Each line from the one bearing "Obraz premium ハート（チョコレート）" through the last line of the entries below should be returned exactly, with pictures left out.

Records from a data collection
---+---

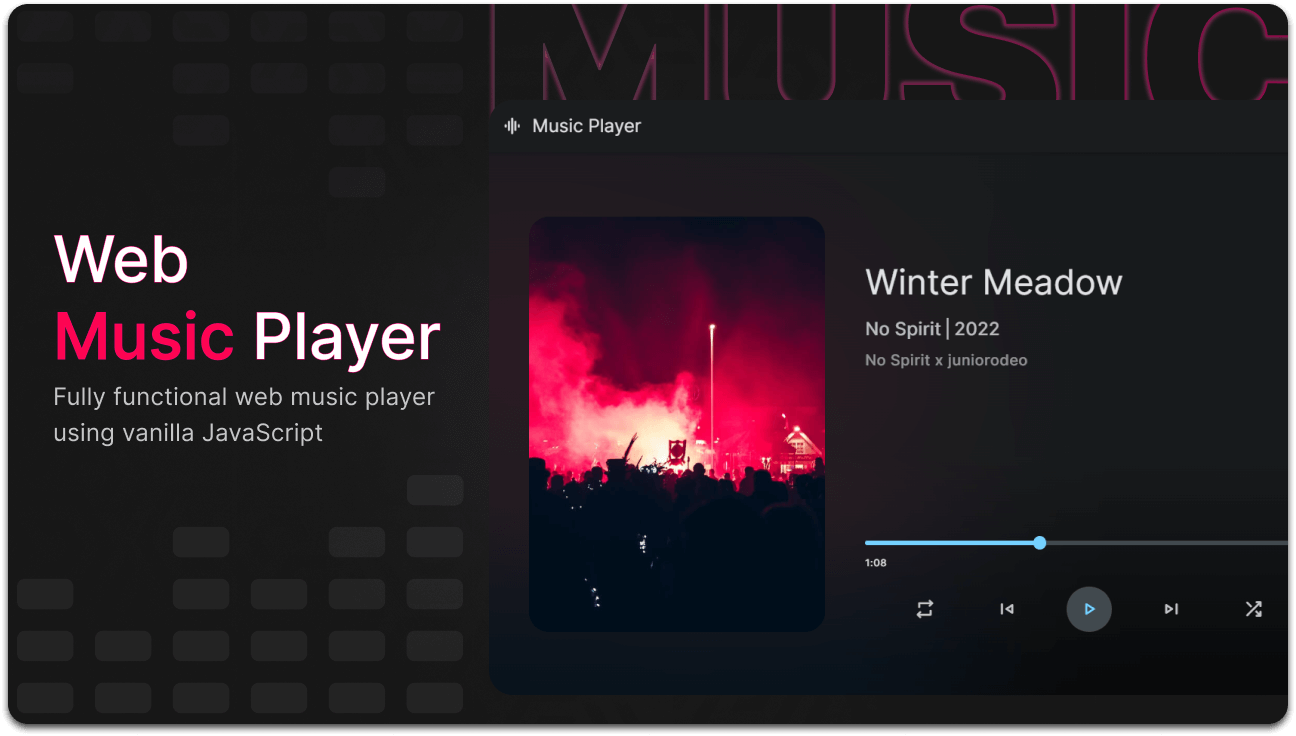 music streaming app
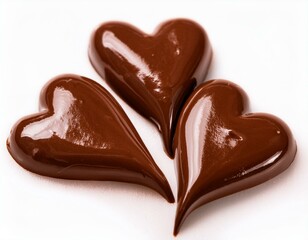 Obraz premium ハート（チョコレート）
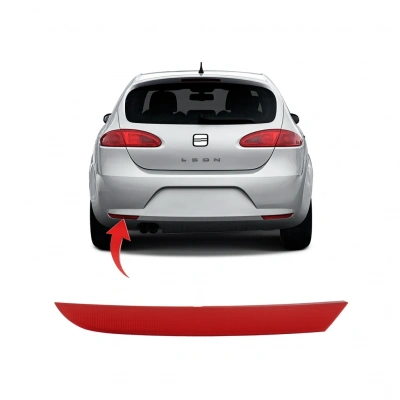 1P0945106E REFLEKTÖR ARKA TAMPON SAG  LEON-FR 2006-2013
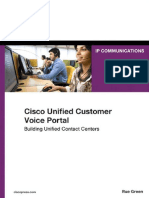 Cisco Unified Customer Voice Portal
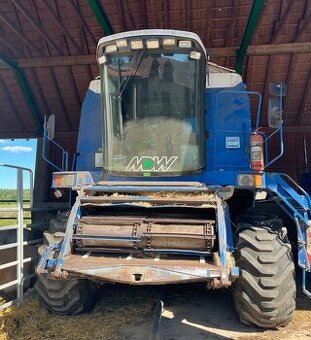 11t kombajn 6m MDW 527 servisovaný +řepkový adapter a drtič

---+---

*Your solution*:
 Obraz premium ハート（チョコレート）
 1P0945106E REFLEKTÖR ARKA TAMPON SAG  LEON-FR 2006-2013
 Cisco Unified Customer Voice Portal
 11t kombajn 6m MDW 527 servisovaný +řepkový adapter a drtič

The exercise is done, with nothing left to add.